O projeto da Senadora Fátima Bezerra, que vem se distinguindo desde seu mandato de Deputada Federal, como uma das mais ativas defensoras do livro, da leitura, das bibliotecas, das livrarias e da indústria editorial brasileira, está evidentemente calcado na chamada Loi Lang, em vigor na França desde 1981. É bom chamar atenção que o link acima reflete uma série de modificações importantes na Loi Lang até este ano, incluindo alguns dispositivos que comentarei mais adiante, já em vigor na França.
Em resumo, a lei do “preço fixo” se forma em torno de alguns pontos fundamentais:
1) O editor fixa o preço de venda ao público do livro (preço de capa);
2) Esse preço de capa, na França, poderá ser oferecido pelos varejistas com desconto máximo de 5%. Essa a disposição do art. 1 da lei francesa: “Les détaillants doivent pratiquer un prix effectif de vente au public compris entre 95 % et 100 % du prix fixé par l’éditeur ou l’importateur”.
3) Na redação do projeto da Senadora, aparentemente se preferiu estabelecer o desconto máximo de 10%. Entretanto, a disposição está confusa, por duas razões. Primeiro por declarar que o preço efetivo será de 90 a 100% “do preço da efetiva aquisição pela livraria”, o que não faz sentido. A redação francesa, diz que “le prix effectif de vente des livres peut être compris entre 91 % et 100 % du prix de vente au public”, ou seja, do preço de capa determinado pelo editor, e não do preço da efetiva aquisição pela livraria. Essa menção a um desconto maior de fato existe na lei francesa, mas está no art. 3 da Loi Lang que trata da aquisição de livros pelo estado, por comunidades e bibliotecas, e que examinarei no próximo post. Por hora vale mencionar que, acredito, o projeto da Senadora Fátima Bezerra pretende limitar o desconto na venda ao público a 10% do preço de capa.
4) Esse preço de capa determinado pelo editor será válido por um ano a partir do seu lançamento. O projeto determina que as modificações de preço deverão ser comunicadas pela editora com uma antecedência mínima de 30 dias.

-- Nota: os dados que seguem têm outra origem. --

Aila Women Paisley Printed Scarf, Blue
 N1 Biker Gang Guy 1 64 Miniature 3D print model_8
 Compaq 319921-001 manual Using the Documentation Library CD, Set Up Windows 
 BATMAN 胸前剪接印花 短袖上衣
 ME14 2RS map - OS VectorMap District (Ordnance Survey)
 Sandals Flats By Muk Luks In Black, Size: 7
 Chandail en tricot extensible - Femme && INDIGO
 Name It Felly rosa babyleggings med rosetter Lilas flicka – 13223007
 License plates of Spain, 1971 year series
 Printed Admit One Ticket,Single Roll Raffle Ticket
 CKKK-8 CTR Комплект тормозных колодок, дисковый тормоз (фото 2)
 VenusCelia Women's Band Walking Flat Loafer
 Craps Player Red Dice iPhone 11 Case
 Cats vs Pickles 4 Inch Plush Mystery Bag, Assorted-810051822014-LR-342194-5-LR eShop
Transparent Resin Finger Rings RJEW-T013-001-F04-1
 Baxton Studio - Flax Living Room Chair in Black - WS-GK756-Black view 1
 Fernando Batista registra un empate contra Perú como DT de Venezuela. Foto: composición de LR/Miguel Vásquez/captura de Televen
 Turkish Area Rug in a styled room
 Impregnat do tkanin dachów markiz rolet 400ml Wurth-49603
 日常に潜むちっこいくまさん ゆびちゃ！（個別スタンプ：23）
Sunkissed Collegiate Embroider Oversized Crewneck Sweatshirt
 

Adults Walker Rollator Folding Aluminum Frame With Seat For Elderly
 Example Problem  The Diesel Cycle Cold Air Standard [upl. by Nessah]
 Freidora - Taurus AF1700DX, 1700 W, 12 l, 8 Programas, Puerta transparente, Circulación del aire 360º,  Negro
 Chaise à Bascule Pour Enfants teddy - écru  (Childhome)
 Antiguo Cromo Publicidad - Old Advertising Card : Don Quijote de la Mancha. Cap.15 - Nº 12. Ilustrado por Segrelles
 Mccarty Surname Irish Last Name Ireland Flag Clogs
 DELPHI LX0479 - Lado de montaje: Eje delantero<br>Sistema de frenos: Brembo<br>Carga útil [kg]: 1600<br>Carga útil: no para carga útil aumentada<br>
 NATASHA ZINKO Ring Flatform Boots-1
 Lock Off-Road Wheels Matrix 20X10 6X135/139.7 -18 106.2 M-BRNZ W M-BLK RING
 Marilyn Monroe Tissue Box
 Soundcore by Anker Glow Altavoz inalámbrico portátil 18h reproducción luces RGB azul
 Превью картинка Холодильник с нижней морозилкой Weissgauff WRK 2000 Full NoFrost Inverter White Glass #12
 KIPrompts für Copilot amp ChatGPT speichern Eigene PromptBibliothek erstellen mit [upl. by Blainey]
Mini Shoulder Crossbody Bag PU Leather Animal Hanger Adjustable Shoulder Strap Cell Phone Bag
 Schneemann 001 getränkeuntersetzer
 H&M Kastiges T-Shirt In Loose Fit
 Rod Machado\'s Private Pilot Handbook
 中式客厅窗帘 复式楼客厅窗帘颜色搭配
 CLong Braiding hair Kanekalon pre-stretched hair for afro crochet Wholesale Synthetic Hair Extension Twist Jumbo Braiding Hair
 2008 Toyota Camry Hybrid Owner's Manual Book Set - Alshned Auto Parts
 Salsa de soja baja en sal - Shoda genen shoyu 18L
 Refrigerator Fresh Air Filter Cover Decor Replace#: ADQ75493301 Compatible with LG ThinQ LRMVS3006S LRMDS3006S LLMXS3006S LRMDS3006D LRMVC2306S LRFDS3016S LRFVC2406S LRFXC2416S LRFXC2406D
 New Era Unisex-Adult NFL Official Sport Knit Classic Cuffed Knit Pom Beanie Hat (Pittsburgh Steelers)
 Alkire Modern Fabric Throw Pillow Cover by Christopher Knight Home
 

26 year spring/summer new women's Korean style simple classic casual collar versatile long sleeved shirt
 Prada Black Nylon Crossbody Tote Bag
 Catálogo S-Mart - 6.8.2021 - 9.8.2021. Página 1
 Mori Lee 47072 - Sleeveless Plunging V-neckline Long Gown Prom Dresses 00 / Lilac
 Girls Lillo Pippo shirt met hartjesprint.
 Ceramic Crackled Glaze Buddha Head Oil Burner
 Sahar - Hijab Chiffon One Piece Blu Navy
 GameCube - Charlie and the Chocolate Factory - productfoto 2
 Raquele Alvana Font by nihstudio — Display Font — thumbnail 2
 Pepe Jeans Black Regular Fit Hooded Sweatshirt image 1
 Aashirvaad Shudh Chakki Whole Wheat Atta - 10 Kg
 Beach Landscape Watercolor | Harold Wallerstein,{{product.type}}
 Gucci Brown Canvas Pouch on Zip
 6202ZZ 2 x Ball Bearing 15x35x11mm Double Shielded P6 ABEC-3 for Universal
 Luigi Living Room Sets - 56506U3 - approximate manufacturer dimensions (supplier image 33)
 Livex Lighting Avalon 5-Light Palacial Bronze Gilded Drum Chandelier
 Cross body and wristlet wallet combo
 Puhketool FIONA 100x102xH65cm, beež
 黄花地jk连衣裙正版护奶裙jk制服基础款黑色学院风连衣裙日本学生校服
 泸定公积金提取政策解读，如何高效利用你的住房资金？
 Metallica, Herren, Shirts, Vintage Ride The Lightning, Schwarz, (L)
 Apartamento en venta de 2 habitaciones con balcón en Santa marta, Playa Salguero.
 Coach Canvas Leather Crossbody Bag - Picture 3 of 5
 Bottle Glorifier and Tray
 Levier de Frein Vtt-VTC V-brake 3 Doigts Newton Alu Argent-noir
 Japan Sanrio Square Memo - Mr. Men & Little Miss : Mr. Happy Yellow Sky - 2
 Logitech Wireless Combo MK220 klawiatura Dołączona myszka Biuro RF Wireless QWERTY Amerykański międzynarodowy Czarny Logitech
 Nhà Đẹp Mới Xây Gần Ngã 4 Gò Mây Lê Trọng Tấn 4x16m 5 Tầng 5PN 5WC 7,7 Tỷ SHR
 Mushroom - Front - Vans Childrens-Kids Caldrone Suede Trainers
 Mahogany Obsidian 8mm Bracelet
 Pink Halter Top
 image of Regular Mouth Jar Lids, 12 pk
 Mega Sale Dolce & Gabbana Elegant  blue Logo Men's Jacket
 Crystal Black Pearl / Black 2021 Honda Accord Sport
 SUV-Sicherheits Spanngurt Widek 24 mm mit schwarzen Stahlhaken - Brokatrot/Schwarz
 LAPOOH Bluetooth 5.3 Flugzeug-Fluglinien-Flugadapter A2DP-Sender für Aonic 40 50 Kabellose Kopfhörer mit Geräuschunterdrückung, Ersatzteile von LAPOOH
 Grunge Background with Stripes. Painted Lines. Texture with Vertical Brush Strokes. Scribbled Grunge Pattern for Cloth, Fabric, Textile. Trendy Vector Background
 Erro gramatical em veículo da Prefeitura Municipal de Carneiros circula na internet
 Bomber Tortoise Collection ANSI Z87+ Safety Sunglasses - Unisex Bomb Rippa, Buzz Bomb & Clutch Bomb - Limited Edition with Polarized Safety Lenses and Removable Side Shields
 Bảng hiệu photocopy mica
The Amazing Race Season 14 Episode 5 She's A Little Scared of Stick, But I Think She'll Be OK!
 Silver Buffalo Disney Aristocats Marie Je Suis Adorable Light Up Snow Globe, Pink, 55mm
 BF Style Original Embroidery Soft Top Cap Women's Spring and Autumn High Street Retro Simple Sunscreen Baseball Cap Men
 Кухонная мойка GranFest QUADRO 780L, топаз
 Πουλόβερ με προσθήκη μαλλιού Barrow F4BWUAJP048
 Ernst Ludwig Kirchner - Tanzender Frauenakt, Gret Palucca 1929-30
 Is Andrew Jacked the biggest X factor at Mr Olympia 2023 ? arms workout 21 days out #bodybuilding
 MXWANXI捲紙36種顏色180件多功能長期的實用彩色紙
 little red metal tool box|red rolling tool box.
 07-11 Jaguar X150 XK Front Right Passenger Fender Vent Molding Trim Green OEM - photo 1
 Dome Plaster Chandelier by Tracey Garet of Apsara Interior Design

Aqui, também seja dito que a redação está confusa. A redação do artigo determina a validade do preço por um ano, mas o § 3 desse mesmo artigo 6 estabelece esse aviso prévio. Como ainda vivemos na sombra de inflação, esse dispositivo abre a possibilidade de que a editora modifique o preço antes do prazo de um ano. Precisa ser melhor redigido.
5) Depois do prazo estabelecido por lei, quem comercializa no varejo pode fixar o preço que quiser. Existem determinadas exceções à regra de fixação (livros raros, edições especiais, etc.).
Alguns autores independentes, em comentários que andei lendo nas redes sociais, reclamaram que esse dispositivo lhes impede de “vender barato” seus livros. Acredito, no entanto, que essa posição decorra de uma falha na compreensão do texto. O editor – ou o autor independente que edite – pode fixar o preço que quiser. Os autores que reclamaram possivelmente estão pensando no fato de que as redes e grandes livrarias não lhes comprarão o livro “porque não lhes interessa”. Bem, isso já é outro problema, que não diz respeito à fixação do preço, e que também já abordei em outras ocasiões.